To follow McGreevy et al's recommendation of seperating volatility effects from correlation structure, I implemented a copula transformation. In my code, this happens after univariate clustering in ecdf_from_atoms() function. For each ETF and its volatility cluster, I built an empirical CDF (ECDF) from pooled segment values, then I converted each segment's returns into Uniform(0,1) values using this ECDF. This ensures that all marginals are standardised, leaving only dependence structure.

When volatilty effects are removed via copula transfrmation, I performed multivariate Wasserstein k-means clustering on these copula segments to detect correlation regimes (k=2). The second stage identifies periods of high versus low interdependence among ETFs.

Finally, Regime labels were lagged by one period to prevent look-ahead bias, as mentioned previously in my "Data Preparation" section.

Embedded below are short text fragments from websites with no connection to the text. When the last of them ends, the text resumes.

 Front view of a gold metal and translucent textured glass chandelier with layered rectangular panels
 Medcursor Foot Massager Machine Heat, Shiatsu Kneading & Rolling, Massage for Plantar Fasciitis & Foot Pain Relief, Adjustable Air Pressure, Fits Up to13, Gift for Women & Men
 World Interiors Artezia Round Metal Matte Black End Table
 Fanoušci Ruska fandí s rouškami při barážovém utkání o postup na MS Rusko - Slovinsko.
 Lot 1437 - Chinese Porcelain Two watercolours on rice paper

The outputted .csv file is used by "student_ext_mcgreevy.py" which uses regime_lag1 when merging features to avoid leakage.

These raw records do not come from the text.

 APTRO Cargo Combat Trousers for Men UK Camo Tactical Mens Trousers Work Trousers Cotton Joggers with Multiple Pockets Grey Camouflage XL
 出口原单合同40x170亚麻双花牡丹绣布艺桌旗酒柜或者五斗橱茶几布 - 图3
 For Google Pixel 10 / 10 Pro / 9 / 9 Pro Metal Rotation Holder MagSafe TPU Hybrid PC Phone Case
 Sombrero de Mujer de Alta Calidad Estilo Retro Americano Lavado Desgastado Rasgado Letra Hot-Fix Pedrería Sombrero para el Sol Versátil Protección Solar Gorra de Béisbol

For the comparison itself I will be comparing my student_ext.py from this assignment with my McGreevy et al implemetation.

For Directional Accuracy:

![diracc_heatmap_large.png](Appendix/Images/diracc_heatmap_large.png)

Results for DirAcc are quite similar with each other, but my student_ext.py outperforms at horizons 20 and 100, whereas McGreevy et al outperforms at horizons 40 and 70.

For MAE:

![mae_heatmap_large.png](Appendix/Images/mae_heatmap_large.png)

Results for MAE are very similar, but student_ext.py outperforms at horizon 100, with a 0.01 smaller difference.


For RMSE:

![rmse_heatmap_large.png](Appendix/Images/rmse_heatmap_large.png)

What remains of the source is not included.